Work required | Set down exactly the lines in the records below that run from the line with "Vietnam 'daki Da" to the line with "金银湖指尖上的奢侈【钻 钻】回收变现 了解更多", inclusive, and nothing more.

Records for processing |
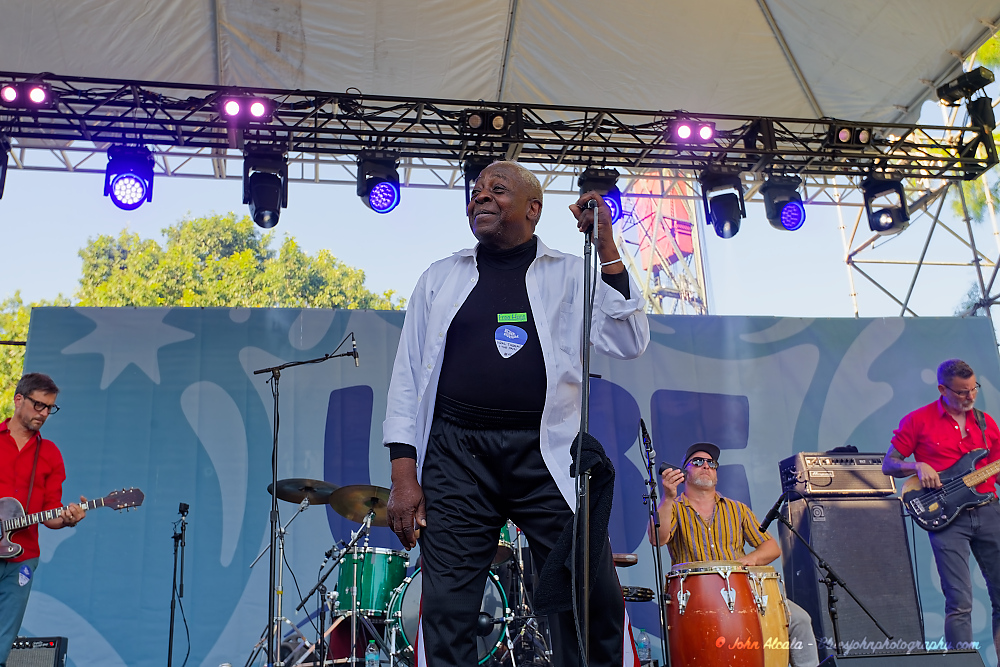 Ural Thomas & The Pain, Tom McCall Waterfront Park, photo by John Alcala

--

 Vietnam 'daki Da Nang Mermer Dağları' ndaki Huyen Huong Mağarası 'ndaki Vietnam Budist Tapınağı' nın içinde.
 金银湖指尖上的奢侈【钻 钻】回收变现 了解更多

--

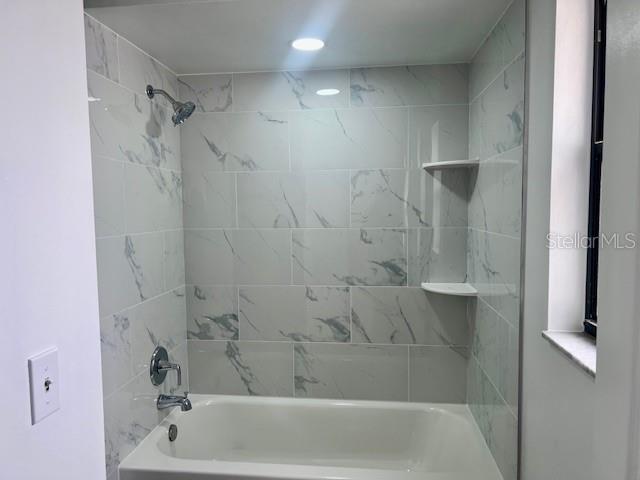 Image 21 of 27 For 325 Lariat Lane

Reply |
 Vietnam 'daki Da Nang Mermer Dağları' ndaki Huyen Huong Mağarası 'ndaki Vietnam Budist Tapınağı' nın içinde.
 金银湖指尖上的奢侈【钻 钻】回收变现 了解更多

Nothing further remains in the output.